Implemented in Node.js, DISCO uses an event‑driven asynchronous model with WebSocket communication. A consistent‑hash ring distributes DISCO servers, and the SWIM/Gossip protocol detects node changes to rebalance load. Servers communicate via RPC.
Request Service
Passenger initiates a ride request.
System obtains the passenger’s request location.
Microservice receives the request via WebSocket.
Tracks passenger GPS.
Accepts specific passenger requirements.
Passes the request to the dispatch system to connect with supply services.
Supply Service
Provides services to drivers.
Tracks taxi locations using latitude/longitude.
Every 5 seconds, online taxis send their location to a load balancer via a web‑application firewall.
The load balancer forwards GPS data to a Kafka REST API.
Kafka updates the location in real time, replicating it to databases and DISCO for consumption by all services.
Data Flow
Taxi location data.
Post‑ride billing data with timestamps for fare calculation.
Database Architecture
Supports high‑frequency reads and writes.
Taxi positions are updated every 5 seconds, generating heavy write load; ride requests generate heavy read load.
Transitioned from relational PostgreSQL to a schema‑less NoSQL store built on MySQL.
System Architecture
System Components
Map – Sending Taxi Locations to Passengers
When a passenger requests a ride, the app displays nearby drivers on a map; the client queries the server for drivers in the vicinity.
Real‑time location data from Kafka is used to calculate driver ETA, informing the passenger of arrival time and destination ETA.
Dijkstra’s algorithm finds the shortest path on road networks; more advanced AI algorithms estimate travel time considering traffic.
Web Application Firewall
Security firewall blocks requests from suspicious sources or unsupported regions.
Load Balancing
Uber employs three layers of load balancers: L3 (IP‑based), L4 (DNS‑based), and L7 (application‑level).
Kafka
Kafka provides a log layer, instantly recording updates for consumption by multiple microservices, ensuring no data loss via a clustered Kafka deployment.
Web Sockets
Clients (passenger and driver apps) maintain long‑lived connections with servers via WebSockets for real‑time communication.
Hadoop
Uber archives Kafka streams into Hadoop for batch analysis, enabling insights such as driver density and ride request patterns.
MySQL‑Based Payment Database
Payment service, triggered by Kafka after a ride, calculates fare based on distance and time, inserts records into a MySQL database, and exposes APIs for account queries.
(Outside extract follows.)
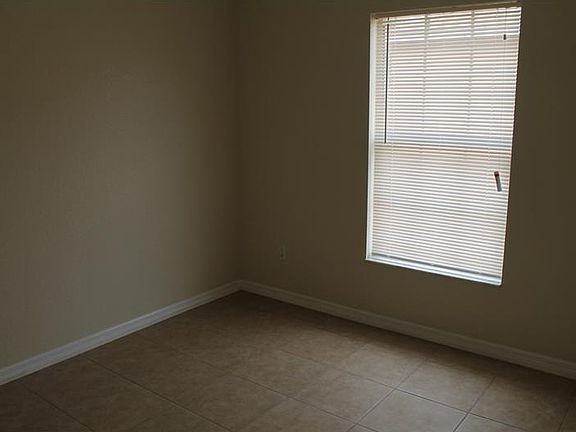 5th image of 615 E Lemon Ave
Supports payment options, pre‑authorizations, refunds, tip handling, scheduled rides, promotions, retries, currency conversion, and error handling.
Spark Streaming Cluster
Tracks events like driver shortage, dumps all events to Hadoop for deeper analysis (user segmentation, driver behavior, etc.).
Driver Profile Engine
Classifies drivers based on ratings, service punctuality, and other metrics.
Fraud Engine
Detects collusive behavior (e.g., same driver repeatedly serving the same passenger) and leverages data for traffic condition insights.
Kibana/Graphana – Elasticsearch
Log analysis, HTTP API tracing, configuration management, feedback collection, promotions, fraud detection, payment fraud, incentive abuse, and account theft monitoring.
Big Data
Big data solutions are essential for Uber’s continued evolution.